Trust me, the restaurant staff isn’t there to make sure you have a terrible time – we really want you to enjoy dining with us!
With that in mind, here are my Ten Commandments of Restaurant Behavior!
1. Thou shall treat restaurant staff with respect.
Most likely the staff member has greeted you with a simple greeting like “Hello, how are you? Welcome!” The proper response is NOT “table for 4” or “Coke. Cheeseburger & fries.” This also includes not snapping or waving in an obnoxious way to your server, we always see you. A simple nod will do if you need our attention immediately. Once we approach your table, please pause your conversation so that we can get you the items you need for a spectacular experience – otherwise, we’ll just stand there awkwardly until you pay attention to us. Saying please and thank you – you know, the basics – goes a really long way.
2. Thou shalt not allow thy children to run amuck in a restaurant.
This is for staff safety as well as the safety of your children. Servers and food runners come barreling around corners lightning-quick sometimes and they could easily injure a child or trip and send food flying across the restaurant. Please do your best to keep them in their seat at the table.
3. Thou shall ask questions BEFORE ordering.
Please ask your servers questions about the food or drinks you are ordering if you have them or if you’re unsure about it. Also, it’s good to ask about allergies and tell your server what you’re trying to avoid. The more you know before you order, the less likely you will send an order back because you “didn’t know there were nuts in the dish.”
4. Thou shalt not call a restaurant in the middle of the dinner rush for a reservation.
Instead, try calling during the afternoon or right at the beginning of dinner service (like right at 5 pm). You might even be able to book online! Chances are the person answering your call is talking to you, trying to seat guests, maintaining the wait list, and greeting guests as they come in the door. Don’t be surprised if you’re put on hold.
5. Thou shall arrive with their entire party or must wait to be seated.
Many restaurants will not seat an incomplete party, so try to have your whole group arrive at the same time. This isn’t always possible, but don’t expect to be seated unless your whole party is there and ready – you’re taking up valuable seating space for guests whose whole party is present and ready to be sat.
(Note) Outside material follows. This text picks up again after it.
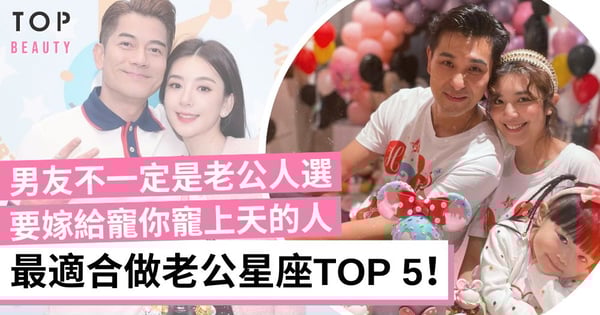 5大星座最適合做老公！摩羯男捨得為老婆花錢 天蠍男有責任感 他們絕對嫁得過！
It also makes for a better dining experience since your server won’t have to come & go and then be forced to share the specials 5 extra times.
6. Thou shalt not leave a $0 tip because of an unsatisfactory occurrence.
Really, that’s the worst thing you could do. Instead, speak to a manager quickly who can rectify the situation. If you can’t do it at the time of your meal, try calling back (during the day) or emailing management to voice your issues.
7. Thou shall spring for the lemonade instead of asking for an obscene amount of lemons and extra sugar packets.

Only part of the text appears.